Hungary’s economic impact

Price stabilisation may also be hindered by the developing exchange rate between the Hungarian Forint and the Euro. The Hungarian economy has been performing poorly. Investments have been falling drastically, and inflation has been following an upward trend as of the second half of 2024.

The freezing of EU cohesion and recovery funds have affected the whole economy. Accordingly, the central bank’s options for reducing interest rates have narrowed. This may damage the development of more favourable leasing conditions.

On the other hand, savings from redeemed premium government bonds could be channelled back into the economy. The yield level fell in 2024, prompting investors to consider selling their bonds.

Some of the funds generated appeared on the real estate market with an immediate effect. Prices were driven up without any bidding or bargaining.

If bonds are sold this year, it could potentially have a positive impact on new vehicle sales. However, the sales yield could be as low as 4.5% in 2025, down from nearly 19% in 2023.

Positive 2024 for Hungary’s market

Hungary’s new-car market saw a much-improved 2024, with 121,607 units registered across the year. This equated to a 12.9% year-on-year increase, but only a 9% gain on the 111,540 deliveries recorded in 2022.

Light-commercial vehicle (LCV) registrations reached 24,771 units last year. This represented an increase of 19.4% on 2023 and 40.3% on 2022. Unfortunately, a significant number of these newly registered LCVs left the country before turning a year old. For some brands, the re-export rate could even exceed 50%.

The order backlog is still weak compared to the pre-COVID-19 pandemic. The economic situation is the most critical factor. Buying a new car is a significant expense for an average Hungarian household. Additionally, companies have been operating with longer lease terms in recent years.

Hungarian government incentives

The government’s incentive scheme for businesses has driven electric vehicle (EV) sales. Without it, the picture would have been gloomy.

A total of 8,565 new BEVs hit the roads in 2024, according to the European Alternative Fuels Observatory. This was a surge of 40.6% year on year. However, the technology only made up 7% of all sales, up 1.3 percentage points (pp).

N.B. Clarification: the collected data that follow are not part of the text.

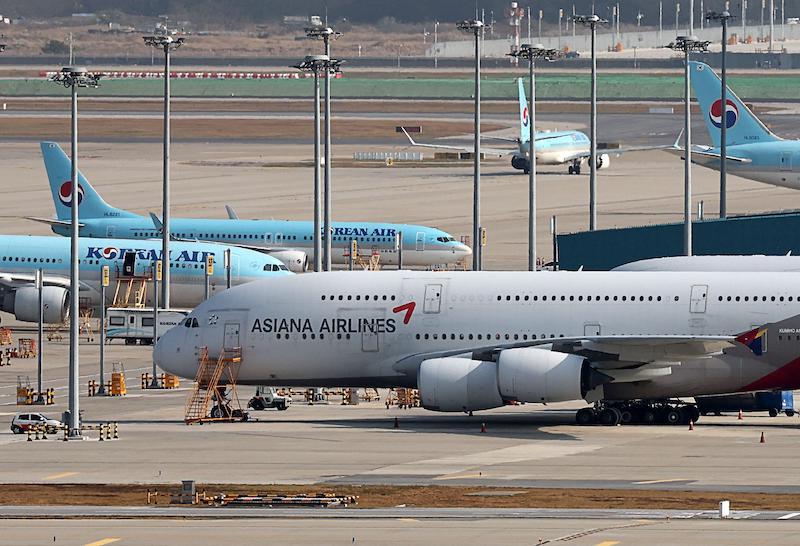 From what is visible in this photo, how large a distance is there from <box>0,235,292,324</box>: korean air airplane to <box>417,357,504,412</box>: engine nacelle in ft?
107

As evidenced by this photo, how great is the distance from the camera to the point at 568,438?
5362 cm

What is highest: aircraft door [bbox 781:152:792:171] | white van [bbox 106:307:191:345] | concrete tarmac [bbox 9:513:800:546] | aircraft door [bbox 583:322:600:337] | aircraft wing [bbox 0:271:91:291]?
aircraft door [bbox 781:152:792:171]

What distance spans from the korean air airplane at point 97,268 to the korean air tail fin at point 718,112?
34.5 meters

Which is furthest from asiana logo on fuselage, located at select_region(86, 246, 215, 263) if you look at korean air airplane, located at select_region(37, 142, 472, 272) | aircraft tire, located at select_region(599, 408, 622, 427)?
aircraft tire, located at select_region(599, 408, 622, 427)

PHEVs recorded 5,695 registrations last year, an improvement of 4.5% compared to 2023. The powertrain took a 4.7% market share, down 0.4pp.

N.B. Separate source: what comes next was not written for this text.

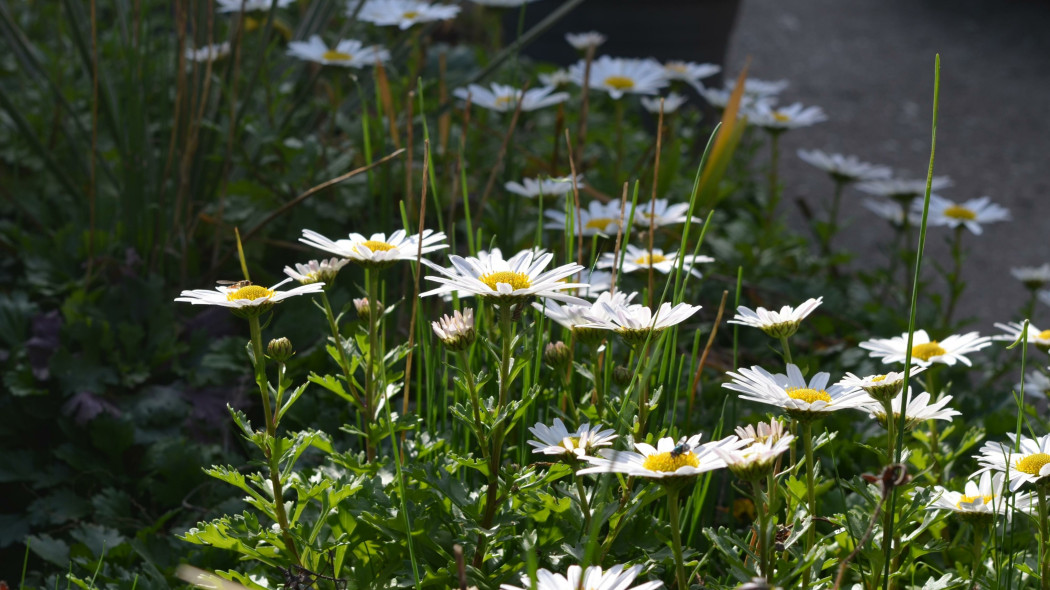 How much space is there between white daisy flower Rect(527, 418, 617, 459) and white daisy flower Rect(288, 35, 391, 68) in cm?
116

The programme is currently undergoing review, with an update expected on 28 February 2025. If the government confirms the incentives are to be reduced or removed, sales could increase ahead of the deadline. On the other hand, the appearance of smaller and cheaper electric models is a promising market development.

With these factors in mind, the Hungarian new-car market can be expected to see 2024’s performance repeated in 2025. No significant changes are currently predicted.

Hungary’s used-car prices

In terms of used-car prices, nominal values are expected to remain stable for ICE models and full hybrids (HEVs). There is the potential for values to increase.

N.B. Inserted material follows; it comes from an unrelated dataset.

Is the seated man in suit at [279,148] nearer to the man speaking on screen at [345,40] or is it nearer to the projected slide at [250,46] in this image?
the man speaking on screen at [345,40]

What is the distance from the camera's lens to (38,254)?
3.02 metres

The country’s used-car market is now experiencing poor domestic supply. Meanwhile, used car imports have become more expensive. This is thanks to the performance of the national currency, and rising used-car prices in suppler markets.

Furthermore, there is also a limited capacity for MOT tests, which check the roadworthiness of a vehicle. This is creating a bottleneck for imports of used cars.

There is a huge demand for these vehicles and the number of imports could be far greater. However, imports are being kept down because of the limited capacity of the Hungarian authorities.

The EU’s punitive tariffs on imports from China could help underpin residual values in Hungary. This could help stabilise EV prices following significant price drops in previous years.

However, further price reductions are expected in compact and subcompact segments. This is thanks to the launch of new models with a price tag of around 10 million Hungarian Forints.